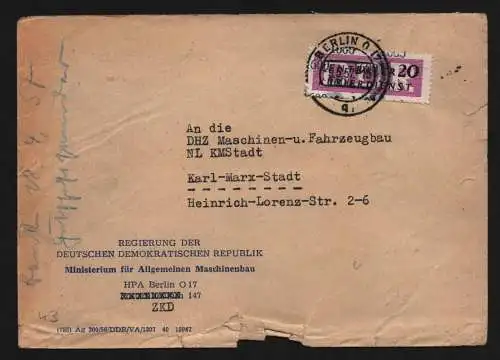 B13324 DDR ZKD 15 1600 Brief 1957 Berlin Regierung Ministerium Maschinenbau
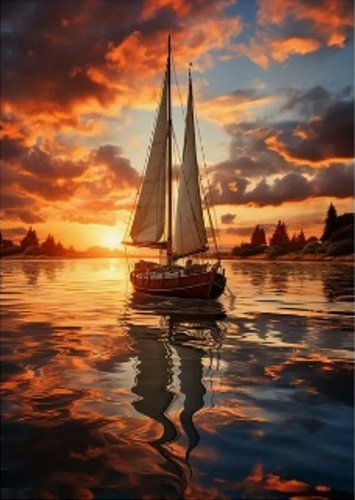 MALOWANIE PO NR. ŻAGLÓWKA I ZACHÓD SŁOŃCA, PAK 15
40X50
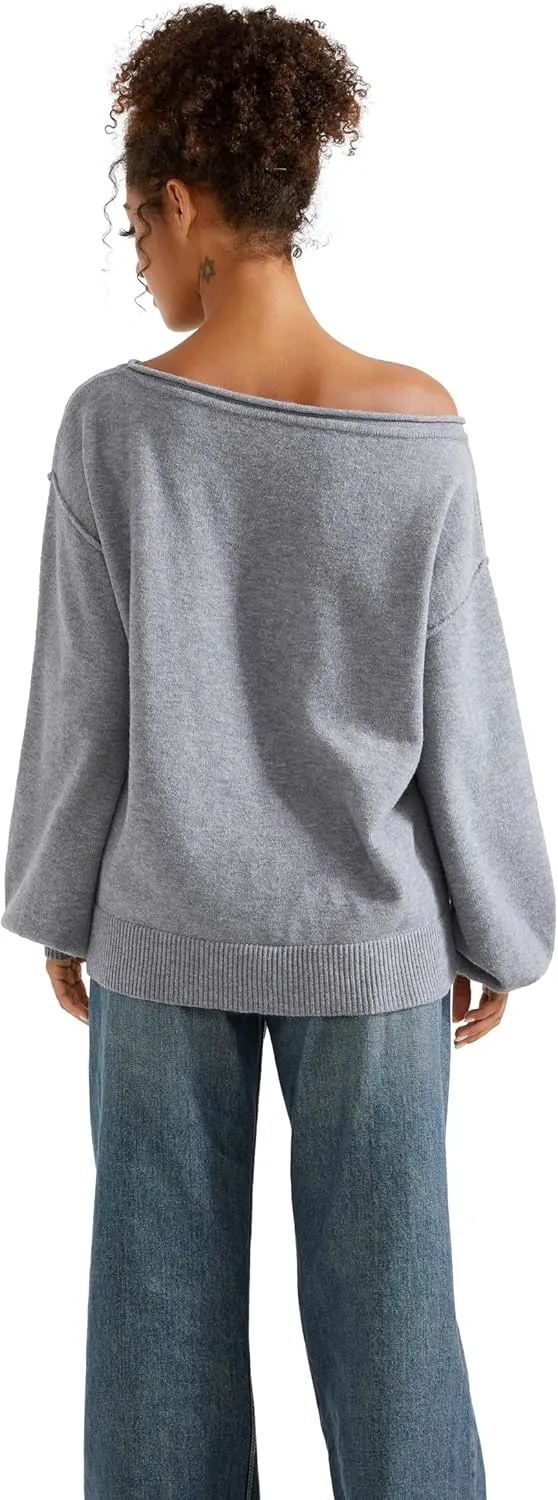 SUUKSESS Women Off The Shoulder Spring Sweaters Long Sleeve Boat Neck Oversized Pullover Sweater Tops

## How to complete this task
Every line of the material must be repeated exactly; pictures stay out.

## Result of this task
 B13324 DDR ZKD 15 1600 Brief 1957 Berlin Regierung Ministerium Maschinenbau
 MALOWANIE PO NR. ŻAGLÓWKA I ZACHÓD SŁOŃCA, PAK 15
40X50
 SUUKSESS Women Off The Shoulder Spring Sweaters Long Sleeve Boat Neck Oversized Pullover Sweater Tops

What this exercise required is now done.